In [1]:
import numpy as np
import pandas as pd
import matplotlib.pyplot as plt

%matplotlib inline


# Part 1. `scikit-learn`  basics

[`sklearn`](https://scikit-learn.org/stable/getting_started.html) is a very popular Python library, where plenly of usefull machine learning tools (models, preprocessing methods, etc.) are implemented. 

We will consider three usefull building-blocks of sklearn:
- Estimators 
- Transformers 
- Pipeline


### 1. Estimators

Models, aka estimators, are objects which perform model estimation. They have 2 main methods:

* Method `fit()`:
    - takes as input design matrix `X` and target values `y`
    - `X` is supposed to have the shape `(n_samples, n_features)`
    - for unsupervised models `y=None` by default
    - trains the model (aka finds optimal parameters)
    
* Method `predict()`:
    - takes as input design matrix `X`
    - returns predicted target values
    - makes sense to use it **after** the `fit()`
     

In [2]:
#Consider toy dataset
X = np.array([[ 1,  2,  3], [11, 12, 13]])
y = np.array([2.1, 11.9])
print(X.shape, y.shape)

X_test =  np.array([[ 2, 3, 4]])
print(X_test.shape)

(2, 3) (2,)
(1, 3)


`LinearRegression()` - is an example of an estimator. You'll find out more about this model next week.
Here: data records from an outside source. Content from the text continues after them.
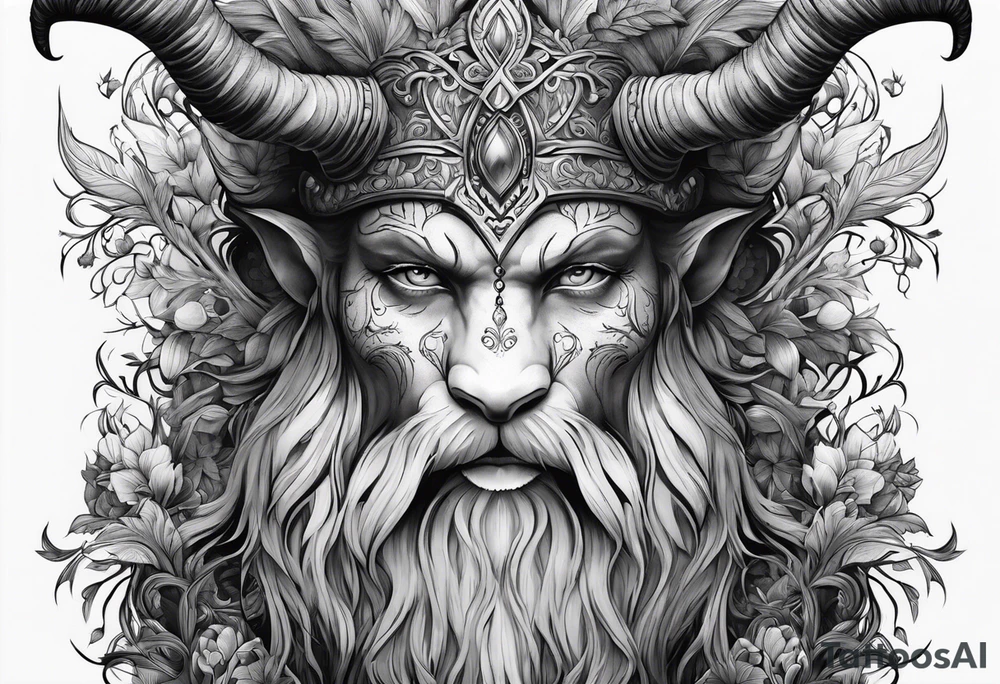 Leshy with gzhel tattoo idea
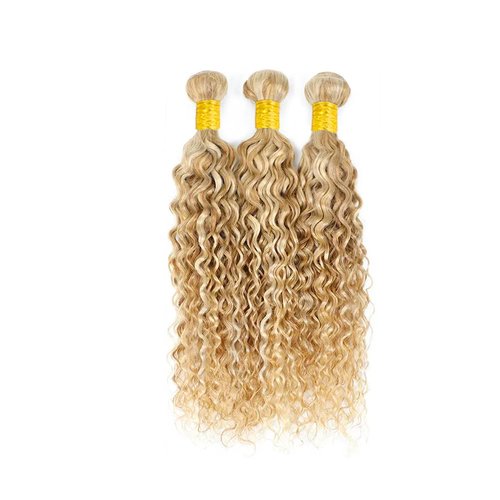 26 28 30 Inch #27 Bundles Human Hair Blonde Water Wave Bundle P27/613 Human Hair Bundles 613 Blonde Wet and Wavy Bundle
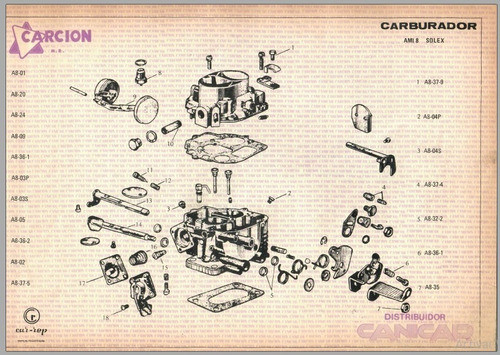 Eje Carburador Solex Citroen Ami 8 1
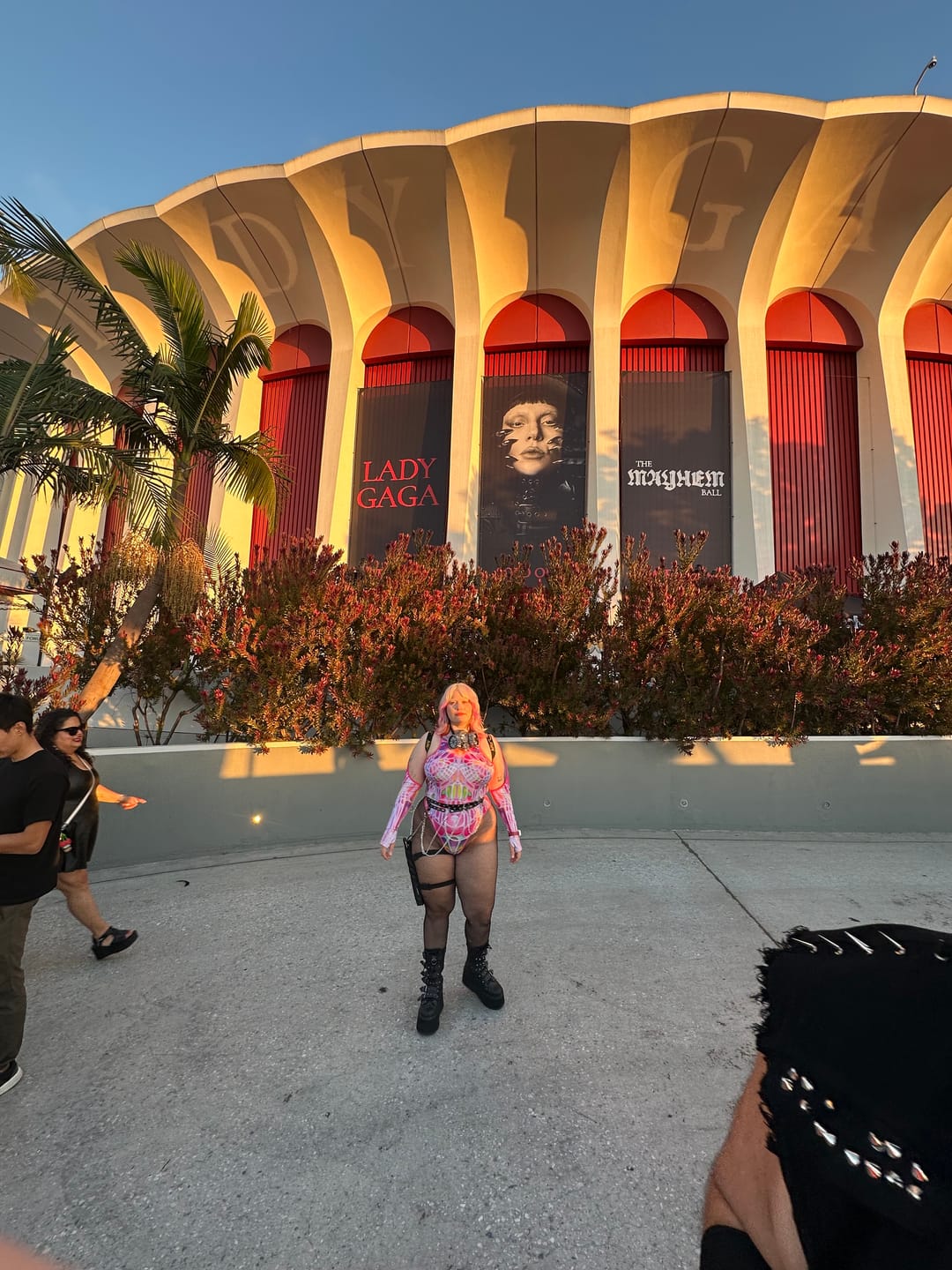 Customer photo review of Pink Morph Cold Shoulder Bodysuit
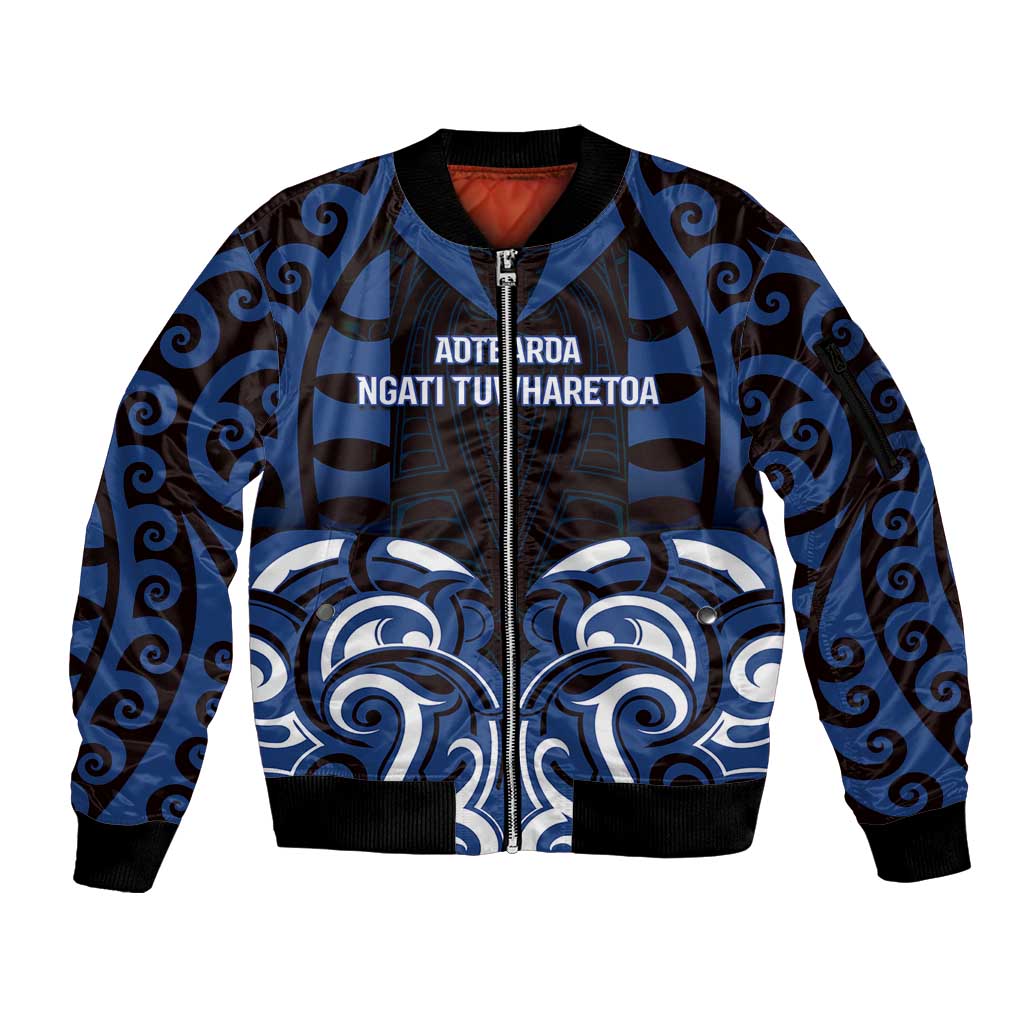 Custom Aotearoa Ngati Tuwharetoa Sleeve Zip Bomber Jacket Maori Pattern New Zealand DT05 Unisex Navy - Polynesian Pride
Fit linear regression and predict target variable for the test dataset

In [3]:
from sklearn.linear_model import LinearRegression

# Init the model and set all the hyperparameters (if there are any)
lr = LinearRegression()
# Train the model
lr.fit(X, y)

# make a prediction
lr.predict(X_test)

array([3.08])

### 2. Transformers

Objects, which are mostly used to pre-process and transform the data. It's interface is very similar to estimators, but they have method `transform` instead of `predict`.

     
Most sklearn transformers can be found in the following modules:
- [sklearn.impute](https://scikit-learn.org/stable/modules/impute.html#impute) --- missing values imputation
- [sklearn.preprocessing](https://scikit-learn.org/stable/modules/preprocessing.html#preprocessing) --- scaling, centering, normalization and binarization

We will discuss some of them in the course.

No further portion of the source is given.